In other news, today is Aaron's and my 6 month anniversary of being married! No big thing of course, but if you think 6 months doesn't make a difference... then uh, you're wrong:
6 months has made quite a difference!
We are going to commemmorate the day by packing the rest of the shit in the living room into boxes, and I am determined... DETERMINED to get the bedroom closet packed. Oh, and I am going to try to not nag *HINT HINT* about the big ass broken television sitting in our living room that someone said he would call on. Seriously. Going to try. To not nag.
I'm so tired of the clutter and the shit and the boxes everywhere. I'm almost to the point where I'm ready to just start throwing shit out, for the sake of throwing shit out. I like this phase of moving, because really; even in 6 months when I get pissy because I threw something out, usually it's because I haven't needed it in even longer.
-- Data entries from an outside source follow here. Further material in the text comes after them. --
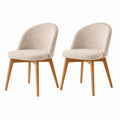 Lot de 2 chaises de salle à manger beige en polyester bouclette avec pieds en bois massif 48 x 55 x 80 cm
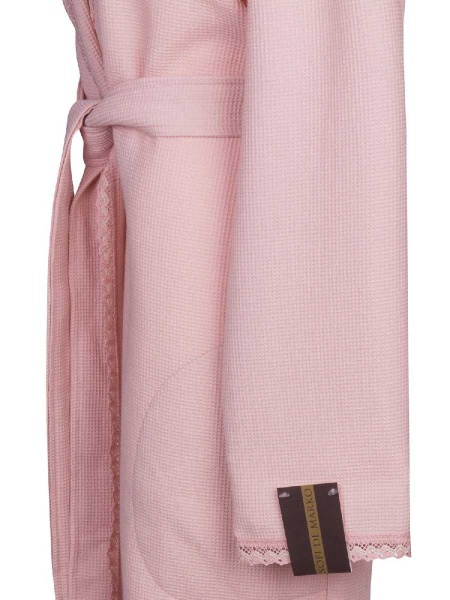 картинка Селеста (розовый) XL Халат вафельный с капюшоном Розовый 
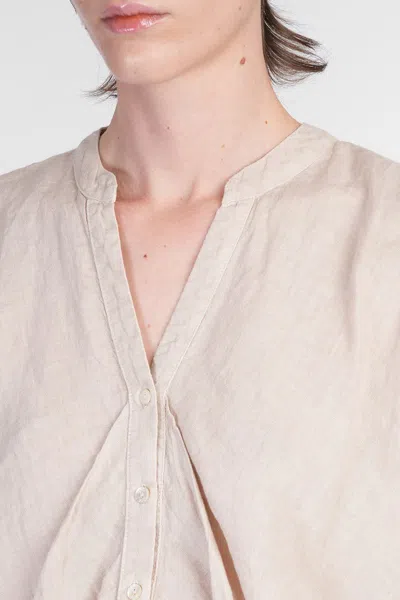 120% Lino Topwear In Taupe Linen In Neutral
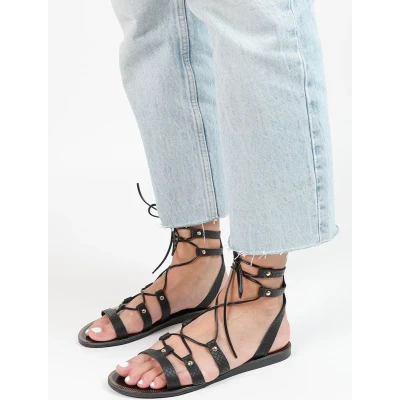 Afbeelding van Sacha Dames Zwarte leren sandalen Maat 37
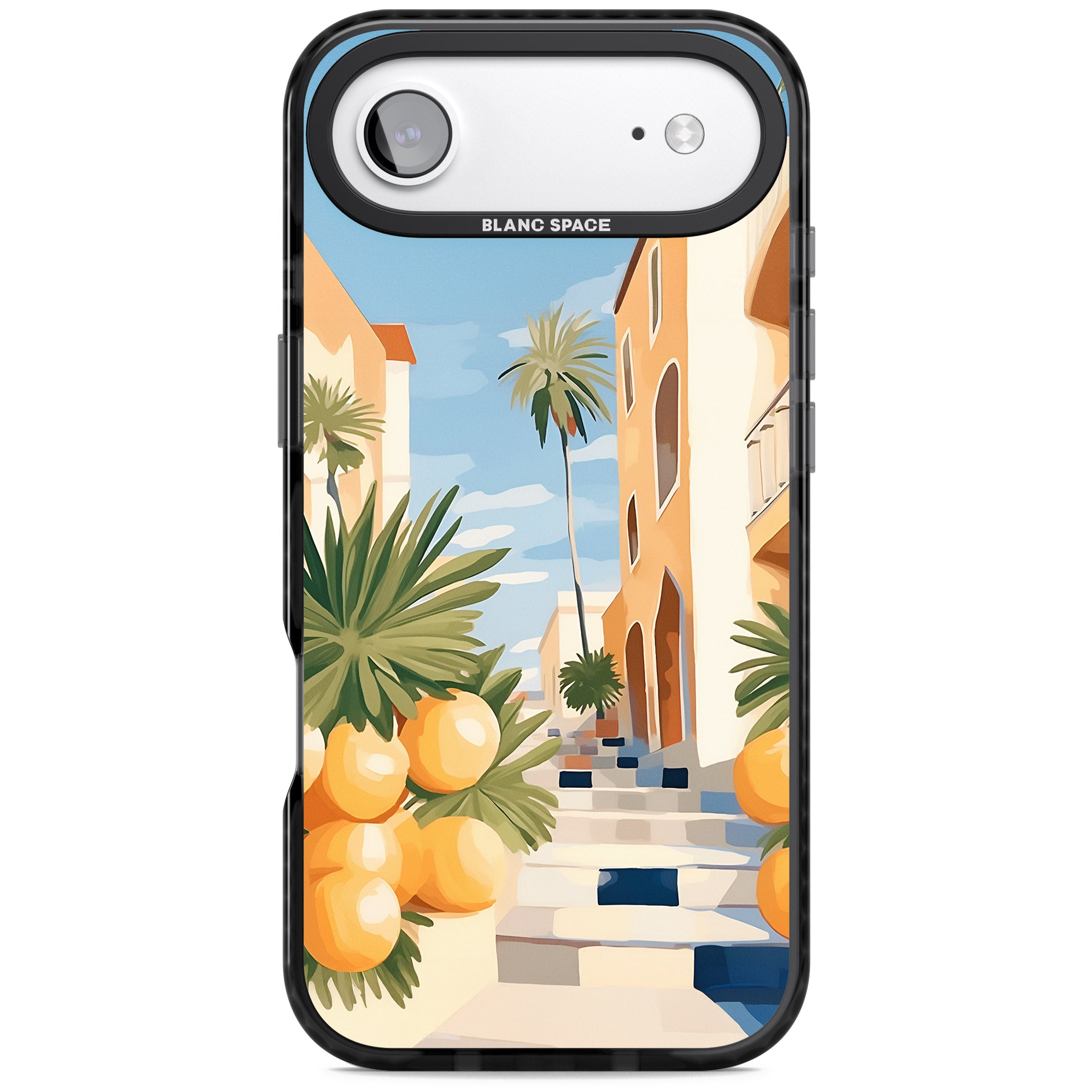 Mediterranean Village iPhone 17 Air Impact Black Phone Case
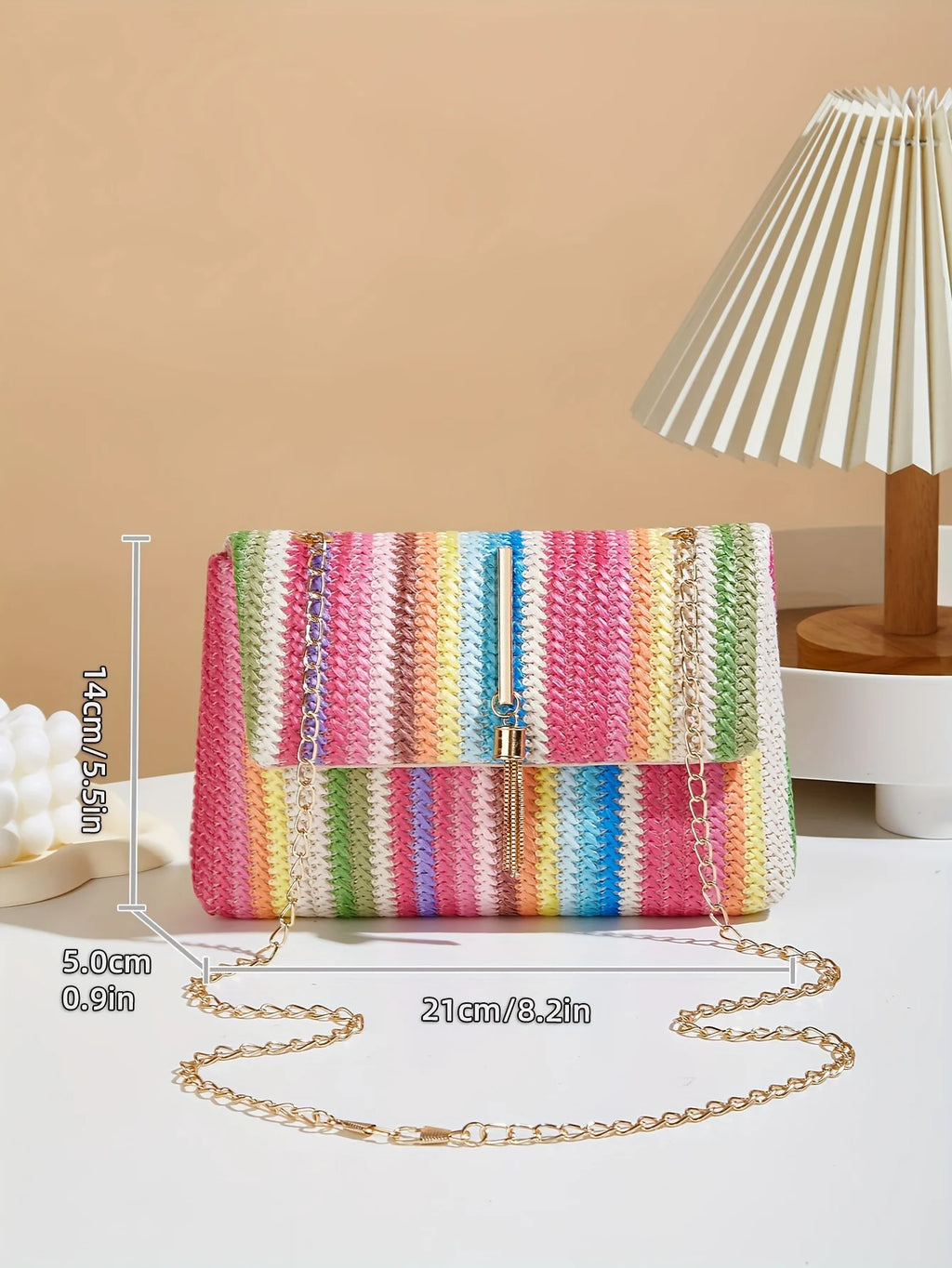 Chic Rainbow Stripe Straw Crossbody Bag for Women Adjustable Shoulder Strap Magnetic Closure Tassel Accent, Fashion Square Purse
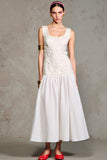 Robe Longue Blanc Dentelle Dos Nu Trapèze Col Carré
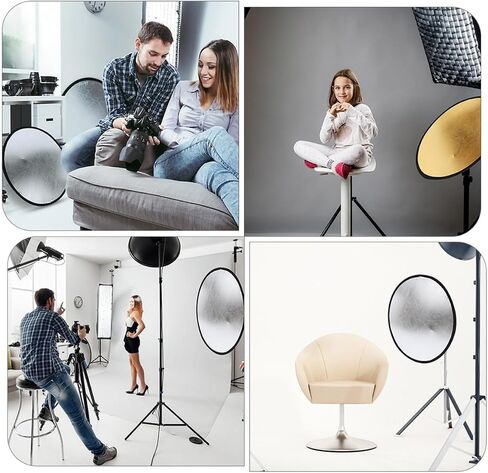 Foldable Photography Light Bounce Panel 2-in-1 Metallic Lighting Board for Photo and Outdoor Studio Use in Kuwait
Here's the view of our living room from the kitchen doorway as of this morning.
Here's the view from the opposite side as of this morning.
And the ever handy dining/storage/office room.
I'll try to take updated pictures after we attempt to get more organized this weekend.
Also, a big shoutout to Jen and Ryan, Happy 1/2 way to the first anniversary guys! We are wedding date twins, they are in the midst of home remodeling, and I suspect will be having just as much fun spackling things and arguing over fixtures as Aaron and I will be arguing over what to keep and what to throw away, and who's going to actually call and get an estimate on fixing that godforsaken television.